Hemenway obviously wants to win the lawsuit for Lakin, but she won't do it by peddling discredited lies.
Klein Falsely Takes Dunn Out of Context Topic: WorldNetDaily
An April 18 WorldNetDaily article by Aaron Klein keeps up his red-baiting attacks on the Obama administration, taking a quote by Anita Dunn out of context to claim that she said Mao Zedong was among her "favorite political philosophers."
In fact, the full context of Dunn's quote is not inflammatory, as Klein suggests. She said that Mao and Mother Teresa are "the two people that I turn to most to basically deliver a simple point, which is, you're going to make choices."
Klein went on to write:
Dunn last week was quoted widely in the media defending rumored pick Elena Kagan amid reports she is a lesbian. Dunn claimed such reports were "applying old stereotypes to single women with successful careers."
After a CBS News blogger posted a comment on Kagan's sexual orientation, it was Dunn who reportedly contacted the network to have the comment removed.
"The fact that they've chosen to become enablers of people posting lies on their site tells us where the journalistic standards of CBS are in 2010," Dunn said.
Dunn told the Washington Post that CBS was giving a platform to a blogger "with a history of plagiarism" who was "applying old stereotypes to single women with successful careers."
Klein curiously doesn't name the person who made the accusation. That would be Ben Domenech -- who, by the way, is not a "CBS News blogger"; CBS merely published an "opinion" article by him. And Domenech does, in fact, have "a history of plagiarism" that cost him a position as a Washington Post blogger.
Tim Graham Does Not Like To See Naked People Topic: NewsBusters
Yes, Tim Graham devoted an entire April 16 NewsBusters post to complaining that a New York Times story about the travails of being a nude model in an art exhibit provided no "outrage at the public nudity itself, or any hint at whether the 'art object' could get arrested for indecent exposure" and that it "isn’t fully informing the reader as to the level of 'aggression' in some of the 'art' itself."
Cliff Kincaid Checks In From Bizarro World Topic: Accuracy in Media
Cliff Kincaid's April 16 column seems to have been written in some alternate universe. The headline: "Beck Takes Sharp Turn to the Left."
How so, since Beck has a long reputation for trashing anything remotely liberal? Because Beck has had on people from the Cato Institute.But wait, you say -- isn't Cato libertarian -- a right-leaning philosophy -- and not liberal? Yes, it is.

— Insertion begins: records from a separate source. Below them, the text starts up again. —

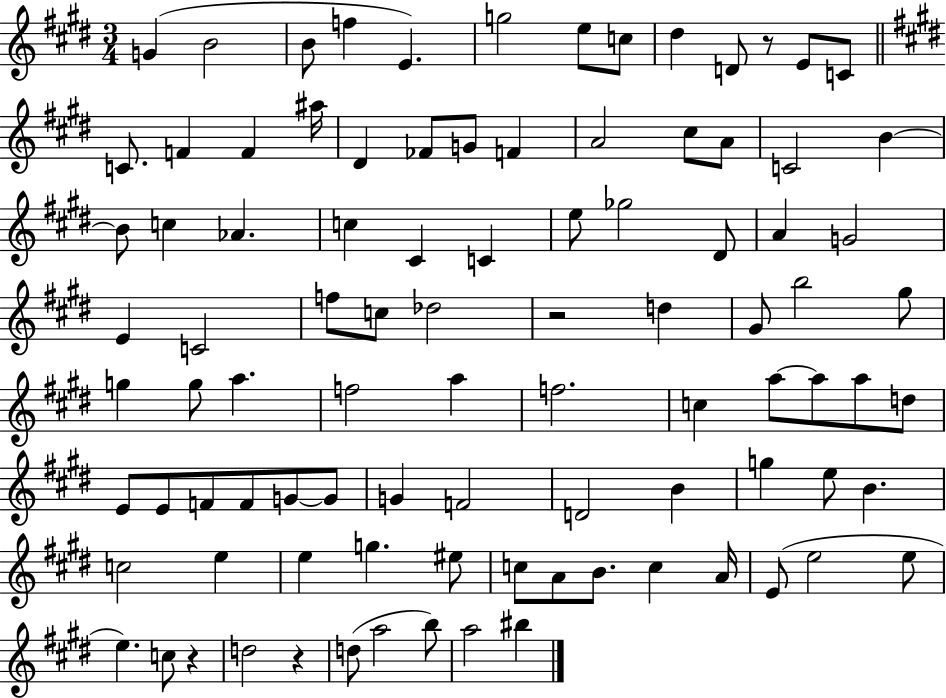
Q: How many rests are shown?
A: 4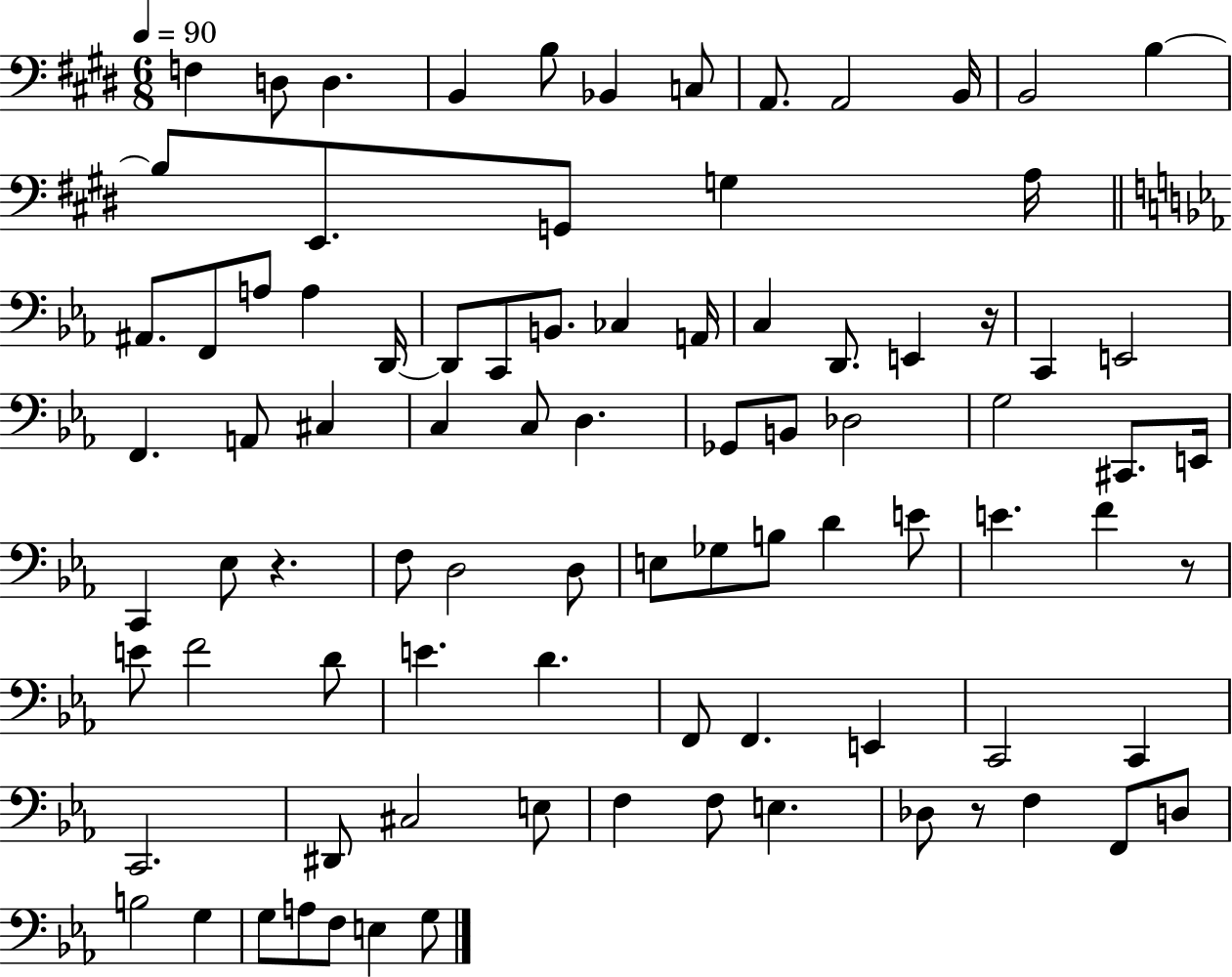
{
  \clef bass
  \numericTimeSignature
  \time 6/8
  \key e \major
  \tempo 4 = 90
  f4 d8 d4. | b,4 b8 bes,4 c8 | a,8. a,2 b,16 | b,2 b4~~ | \break b8 e,8. g,8 g4 a16 | \bar "||" \break \key ees \major ais,8. f,8 a8 a4 d,16~~ | d,8 c,8 b,8. ces4 a,16 | c4 d,8. e,4 r16 | c,4 e,2 | \break f,4. a,8 cis4 | c4 c8 d4. | ges,8 b,8 des2 | g2 cis,8. e,16 | \break c,4 ees8 r4. | f8 d2 d8 | e8 ges8 b8 d'4 e'8 | e'4. f'4 r8 | \break e'8 f'2 d'8 | e'4. d'4. | f,8 f,4. e,4 | c,2 c,4 | \break c,2. | dis,8 cis2 e8 | f4 f8 e4. | des8 r8 f4 f,8 d8 | \break b2 g4 | g8 a8 f8 e4 g8 | \bar "|."
}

But Kincaid has his own interpretation of libertarianism: "Cato is often labeled as 'conservative' or 'libertarian,' but its foreign policy views are frequently in sync with the Obama Administration." Kincaid continues:
By featuring the views of [Justin] Logan and other scholars from the Cato Institute, Beck has become one of the "progressives" he frequently criticizes on the air.
But that's not Kincaid's real problem. This is:
Logan, who is said to be an expert on "the formation of U.S. grand strategy" in foreign policy, is also outspoken on other issues, such as gay marriage. He has called opposition to homosexual marriage by a Heritage Foundation analyst to be "positively insulting."
Several Cato leaders, such as executive vice president David Boaz, are not only gay themselves but pro-marijuana.
Will Wilkinson of Cato wrote a column headlined, "I smoke pot and I like it."
It remains to be seen if Beck will follow up this week's worth of shows featuring Cato scholars with those from the organization who favor gay sex and drug use.
For Kincaid, it's all about the gays. Remember, he wants 'em dead, as his enthusiastic support for the Uganda anti-gay law amply demonstrates.